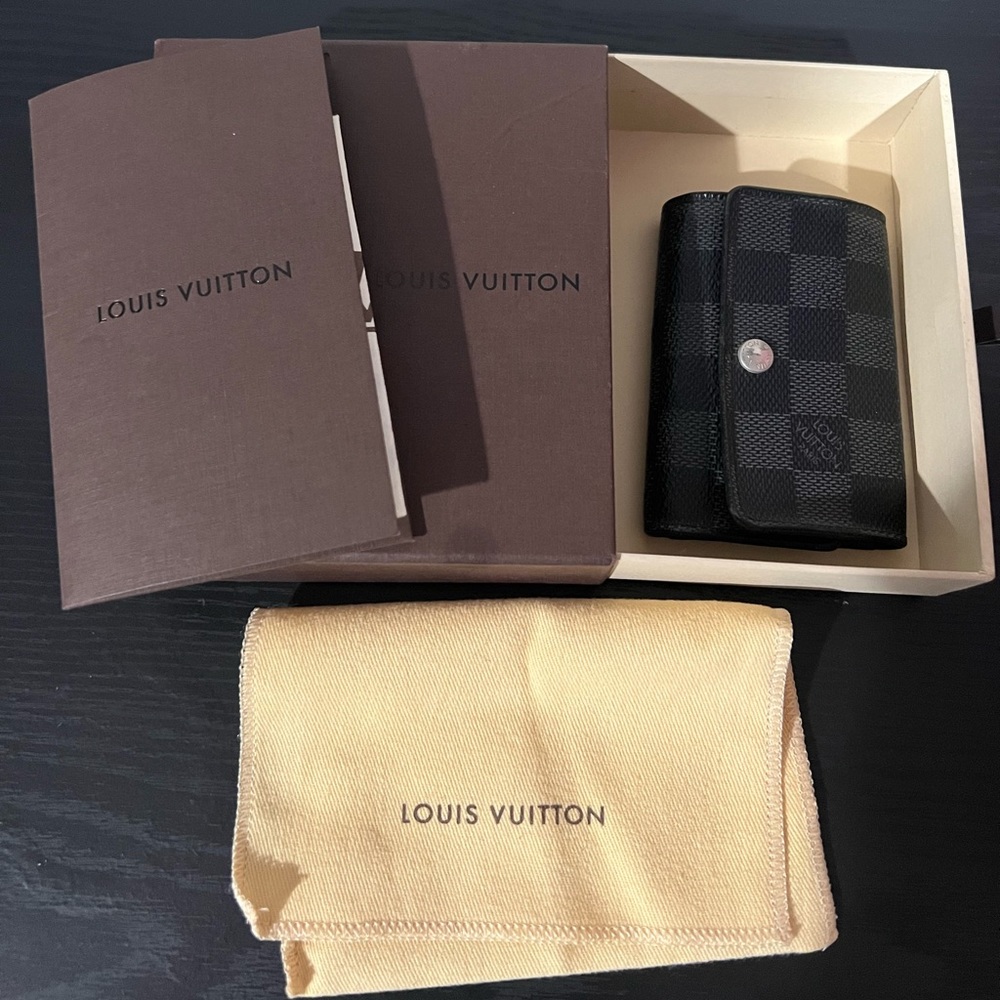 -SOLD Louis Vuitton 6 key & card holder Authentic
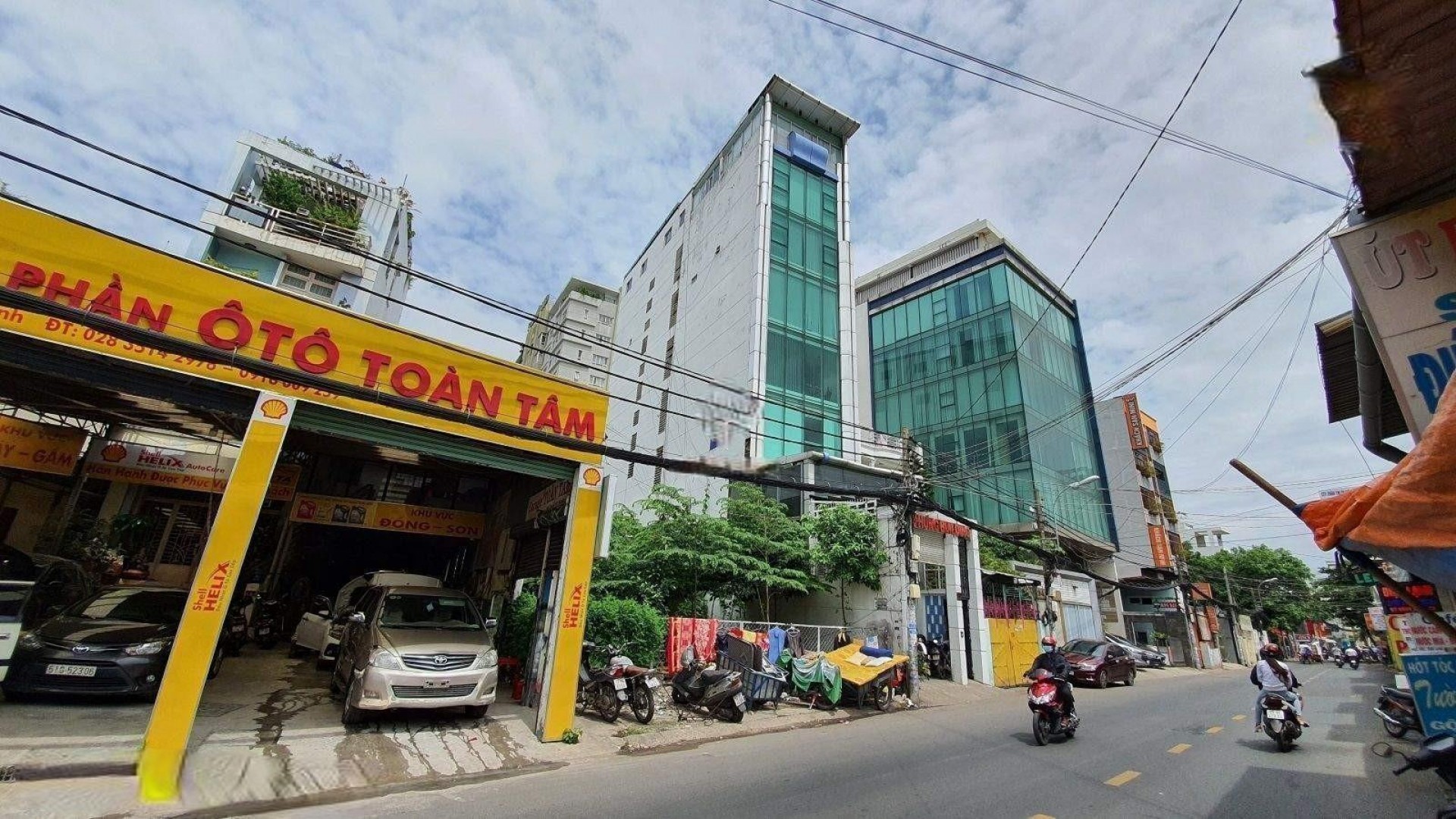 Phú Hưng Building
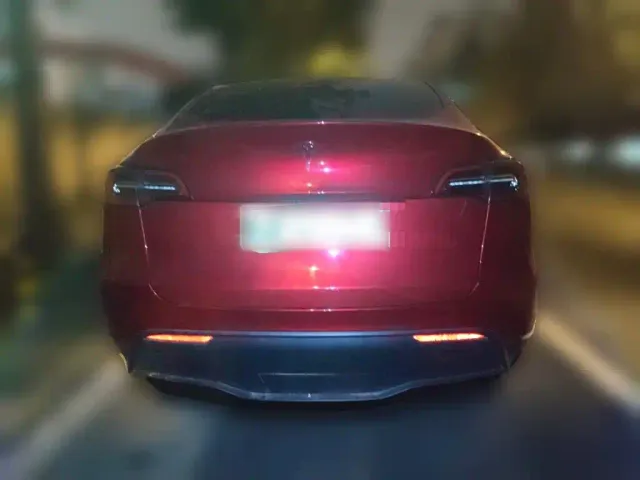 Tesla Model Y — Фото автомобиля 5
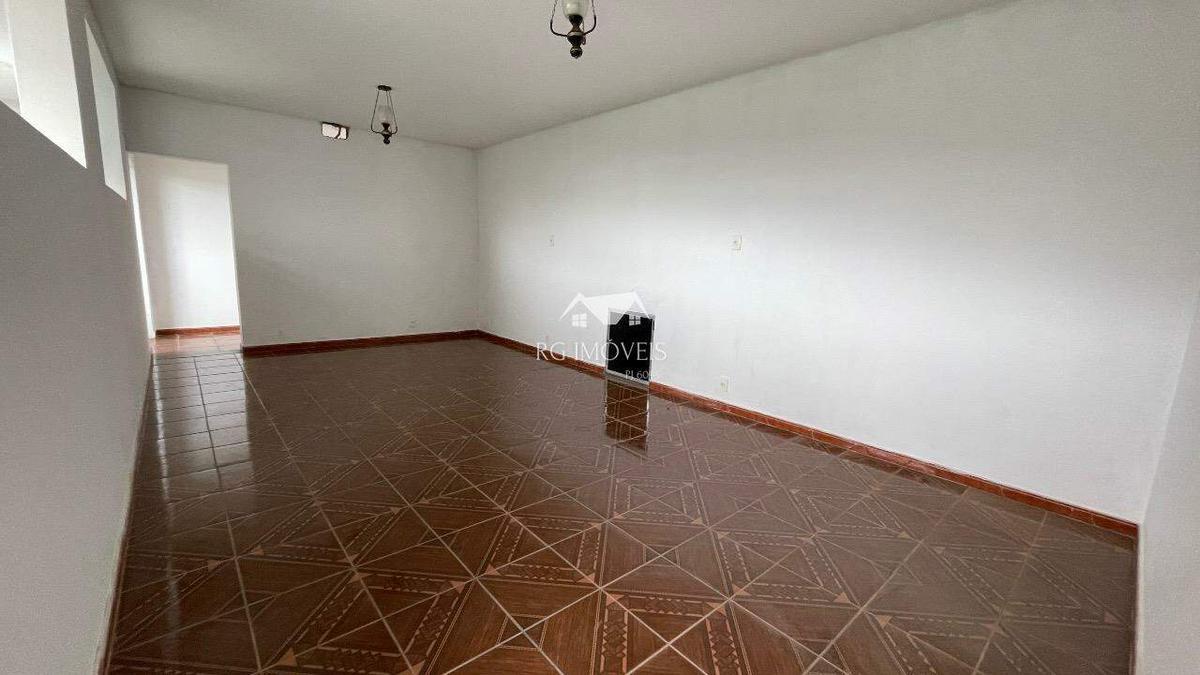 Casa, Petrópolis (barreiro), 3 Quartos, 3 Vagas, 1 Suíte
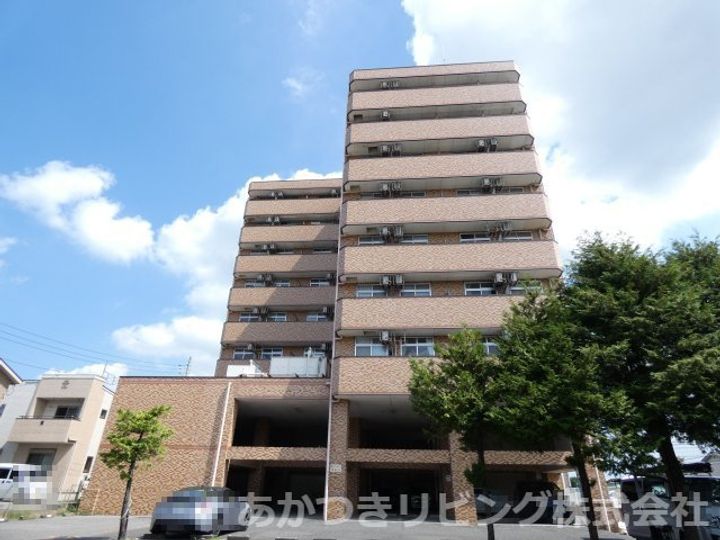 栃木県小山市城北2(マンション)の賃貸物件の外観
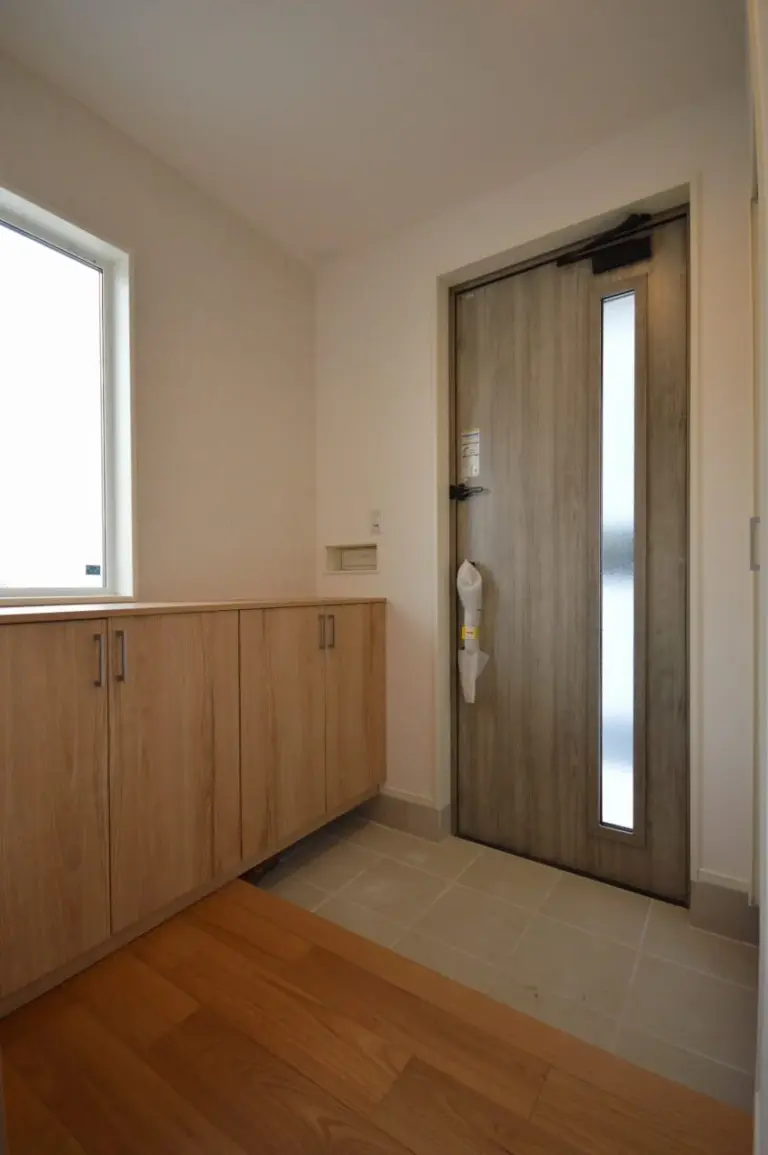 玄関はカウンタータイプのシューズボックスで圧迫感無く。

-------

Transcribe all of the records above character for character. Exclude the pictures.

Result of the exercise:
 -SOLD Louis Vuitton 6 key & card holder Authentic
 Phú Hưng Building
 Tesla Model Y — Фото автомобиля 5
 Casa, Petrópolis (barreiro), 3 Quartos, 3 Vagas, 1 Suíte
 栃木県小山市城北2(マンション)の賃貸物件の外観
 玄関はカウンタータイプのシューズボックスで圧迫感無く。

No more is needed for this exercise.